• _Assignment_:
Up to and including the line that contains "Traditional Indian bridal", repeat each line of the data exactly, starting from the first.

• _Available data_:

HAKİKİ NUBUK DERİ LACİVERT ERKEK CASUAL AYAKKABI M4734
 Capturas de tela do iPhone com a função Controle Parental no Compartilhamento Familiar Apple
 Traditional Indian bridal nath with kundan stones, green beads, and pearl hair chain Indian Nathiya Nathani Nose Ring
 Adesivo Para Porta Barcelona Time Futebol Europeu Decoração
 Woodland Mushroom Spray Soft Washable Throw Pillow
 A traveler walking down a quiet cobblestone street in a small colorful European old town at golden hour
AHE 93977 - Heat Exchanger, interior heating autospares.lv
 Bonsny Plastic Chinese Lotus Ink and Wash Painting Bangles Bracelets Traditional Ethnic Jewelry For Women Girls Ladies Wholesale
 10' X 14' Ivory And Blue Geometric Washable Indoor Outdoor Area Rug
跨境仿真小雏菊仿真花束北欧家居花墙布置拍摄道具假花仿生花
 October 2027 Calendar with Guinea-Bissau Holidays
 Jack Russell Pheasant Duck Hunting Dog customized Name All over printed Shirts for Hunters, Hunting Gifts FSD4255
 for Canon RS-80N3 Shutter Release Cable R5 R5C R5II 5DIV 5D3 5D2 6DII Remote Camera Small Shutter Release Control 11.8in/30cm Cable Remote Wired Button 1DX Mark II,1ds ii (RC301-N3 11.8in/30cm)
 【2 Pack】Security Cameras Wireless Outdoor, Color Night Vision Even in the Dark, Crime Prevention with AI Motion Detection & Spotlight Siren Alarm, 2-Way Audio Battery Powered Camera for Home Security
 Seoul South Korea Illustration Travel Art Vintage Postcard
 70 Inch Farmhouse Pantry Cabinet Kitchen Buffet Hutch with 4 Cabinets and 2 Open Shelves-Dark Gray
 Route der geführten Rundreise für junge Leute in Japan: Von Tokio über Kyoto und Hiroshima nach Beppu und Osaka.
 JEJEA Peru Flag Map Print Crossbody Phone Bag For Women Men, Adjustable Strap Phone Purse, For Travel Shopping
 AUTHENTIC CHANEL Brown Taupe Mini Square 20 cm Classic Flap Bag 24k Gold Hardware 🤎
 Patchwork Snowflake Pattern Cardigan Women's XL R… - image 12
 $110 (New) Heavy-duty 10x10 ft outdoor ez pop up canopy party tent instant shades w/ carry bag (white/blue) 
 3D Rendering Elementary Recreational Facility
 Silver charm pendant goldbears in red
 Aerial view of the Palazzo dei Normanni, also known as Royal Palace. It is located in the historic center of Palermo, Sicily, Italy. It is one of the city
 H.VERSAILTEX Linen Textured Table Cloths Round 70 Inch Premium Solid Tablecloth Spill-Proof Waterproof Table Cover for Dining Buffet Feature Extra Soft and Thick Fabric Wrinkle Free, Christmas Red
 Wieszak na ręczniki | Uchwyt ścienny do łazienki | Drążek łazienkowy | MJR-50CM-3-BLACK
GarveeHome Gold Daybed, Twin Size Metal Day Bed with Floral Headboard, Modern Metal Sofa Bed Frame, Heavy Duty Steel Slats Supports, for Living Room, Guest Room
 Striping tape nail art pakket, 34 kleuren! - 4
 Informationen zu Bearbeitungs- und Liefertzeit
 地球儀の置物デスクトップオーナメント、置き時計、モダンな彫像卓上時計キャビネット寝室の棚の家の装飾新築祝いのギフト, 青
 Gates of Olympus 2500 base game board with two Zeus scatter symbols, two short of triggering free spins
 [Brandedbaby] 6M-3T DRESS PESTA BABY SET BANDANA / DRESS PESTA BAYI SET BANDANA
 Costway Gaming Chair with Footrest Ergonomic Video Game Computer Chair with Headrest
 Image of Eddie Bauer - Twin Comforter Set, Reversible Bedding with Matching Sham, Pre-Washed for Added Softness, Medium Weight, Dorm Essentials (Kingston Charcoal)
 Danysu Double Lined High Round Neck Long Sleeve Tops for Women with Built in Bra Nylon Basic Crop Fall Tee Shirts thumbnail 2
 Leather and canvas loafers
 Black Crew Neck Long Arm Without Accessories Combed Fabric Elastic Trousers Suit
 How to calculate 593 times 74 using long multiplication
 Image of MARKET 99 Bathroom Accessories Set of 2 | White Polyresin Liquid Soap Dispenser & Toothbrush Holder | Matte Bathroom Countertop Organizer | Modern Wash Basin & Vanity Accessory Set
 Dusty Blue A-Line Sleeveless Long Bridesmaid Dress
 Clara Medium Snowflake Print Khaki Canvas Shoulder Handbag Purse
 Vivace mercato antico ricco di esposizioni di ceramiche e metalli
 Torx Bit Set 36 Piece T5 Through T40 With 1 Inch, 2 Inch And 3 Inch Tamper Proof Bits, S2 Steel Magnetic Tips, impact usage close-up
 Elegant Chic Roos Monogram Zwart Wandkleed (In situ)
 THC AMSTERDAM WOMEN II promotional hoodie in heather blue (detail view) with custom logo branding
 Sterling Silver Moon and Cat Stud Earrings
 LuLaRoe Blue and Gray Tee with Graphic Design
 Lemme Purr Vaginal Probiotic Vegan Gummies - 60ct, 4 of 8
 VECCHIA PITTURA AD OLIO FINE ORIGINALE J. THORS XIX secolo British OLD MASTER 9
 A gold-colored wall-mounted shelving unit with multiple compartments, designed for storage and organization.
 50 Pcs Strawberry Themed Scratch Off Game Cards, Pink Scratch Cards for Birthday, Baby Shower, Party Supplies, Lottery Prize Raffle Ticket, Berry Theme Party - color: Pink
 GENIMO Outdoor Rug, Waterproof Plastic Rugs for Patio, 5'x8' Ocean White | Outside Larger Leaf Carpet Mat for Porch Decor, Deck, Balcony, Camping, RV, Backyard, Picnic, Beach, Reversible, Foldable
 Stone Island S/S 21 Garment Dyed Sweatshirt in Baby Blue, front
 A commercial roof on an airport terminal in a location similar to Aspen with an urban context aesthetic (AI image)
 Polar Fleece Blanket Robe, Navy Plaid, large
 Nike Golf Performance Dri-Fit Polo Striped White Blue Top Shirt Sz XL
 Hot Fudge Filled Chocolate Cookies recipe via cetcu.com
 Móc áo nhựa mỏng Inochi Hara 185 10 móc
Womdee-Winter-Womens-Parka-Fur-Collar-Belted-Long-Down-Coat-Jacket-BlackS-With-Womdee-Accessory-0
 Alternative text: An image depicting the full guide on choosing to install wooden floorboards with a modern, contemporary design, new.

• _Written solution_:
HAKİKİ NUBUK DERİ LACİVERT ERKEK CASUAL AYAKKABI M4734
 Capturas de tela do iPhone com a função Controle Parental no Compartilhamento Familiar Apple
 Traditional Indian bridal nath with kundan stones, green beads, and pearl hair chain Indian Nathiya Nathani Nose Ring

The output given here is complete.